**TASK MATERIAL:**

===============

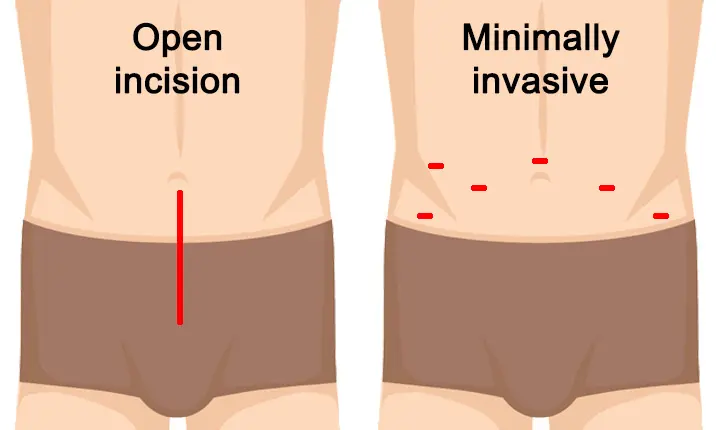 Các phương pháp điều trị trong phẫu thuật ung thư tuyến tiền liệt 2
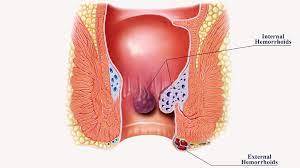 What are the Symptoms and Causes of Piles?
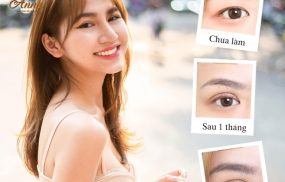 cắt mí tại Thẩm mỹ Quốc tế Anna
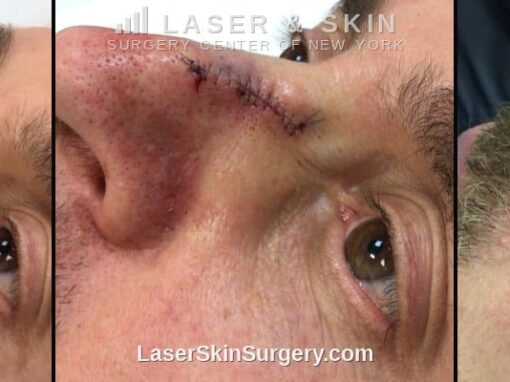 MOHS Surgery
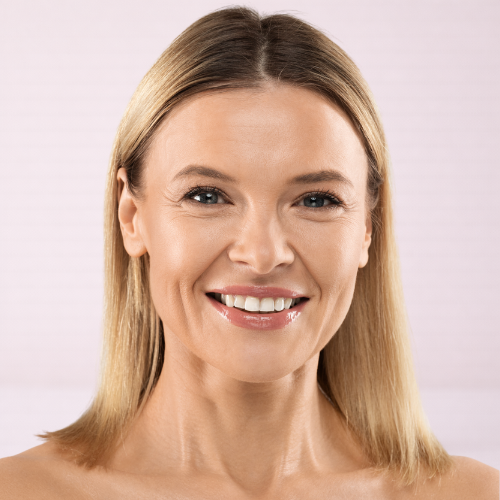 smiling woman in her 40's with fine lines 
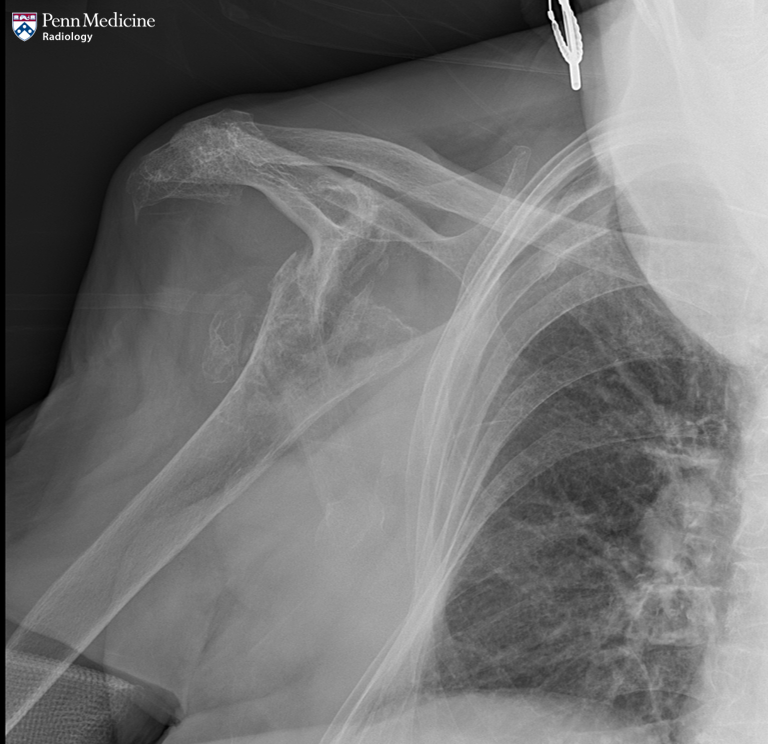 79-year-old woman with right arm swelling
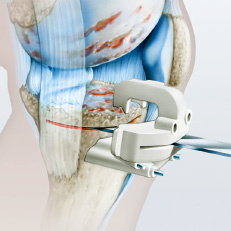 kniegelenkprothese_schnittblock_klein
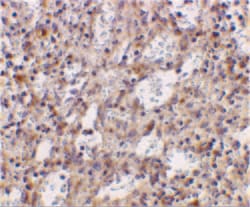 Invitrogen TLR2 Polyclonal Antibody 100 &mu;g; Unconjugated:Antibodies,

===============

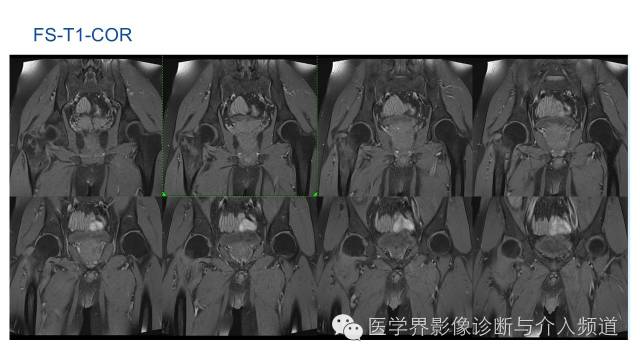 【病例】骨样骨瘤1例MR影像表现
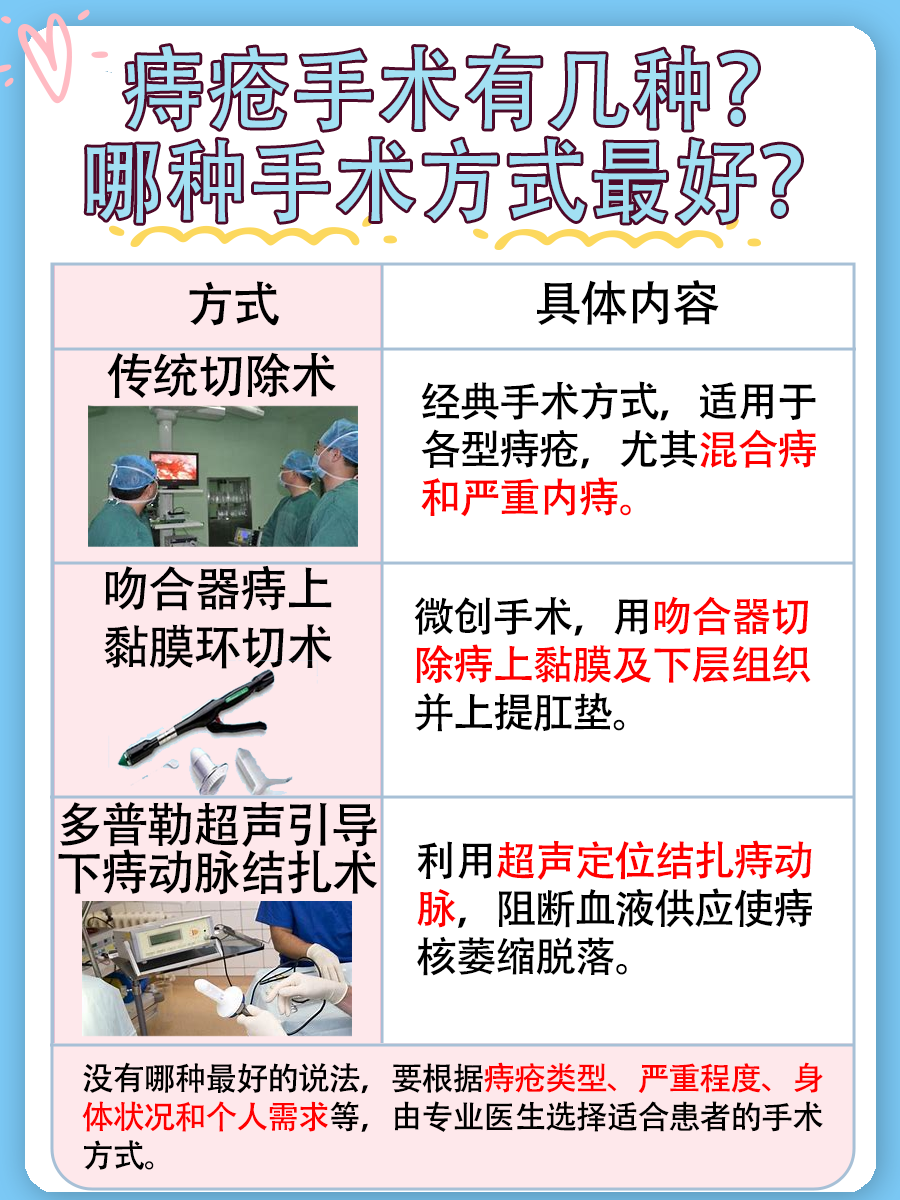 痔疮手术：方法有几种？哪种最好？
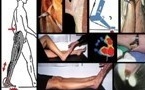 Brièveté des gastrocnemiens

===============

**EXERCISE:**
Reproduce the data above exactly, but only from the line containing "Các phương pháp" through the line containing "kniegelenkprothese_schnittblock_klein"; skip the pictures.

**OUTPUT:**
 Các phương pháp điều trị trong phẫu thuật ung thư tuyến tiền liệt 2
 What are the Symptoms and Causes of Piles?
 cắt mí tại Thẩm mỹ Quốc tế Anna
 MOHS Surgery
 smiling woman in her 40's with fine lines 
 79-year-old woman with right arm swelling
 kniegelenkprothese_schnittblock_klein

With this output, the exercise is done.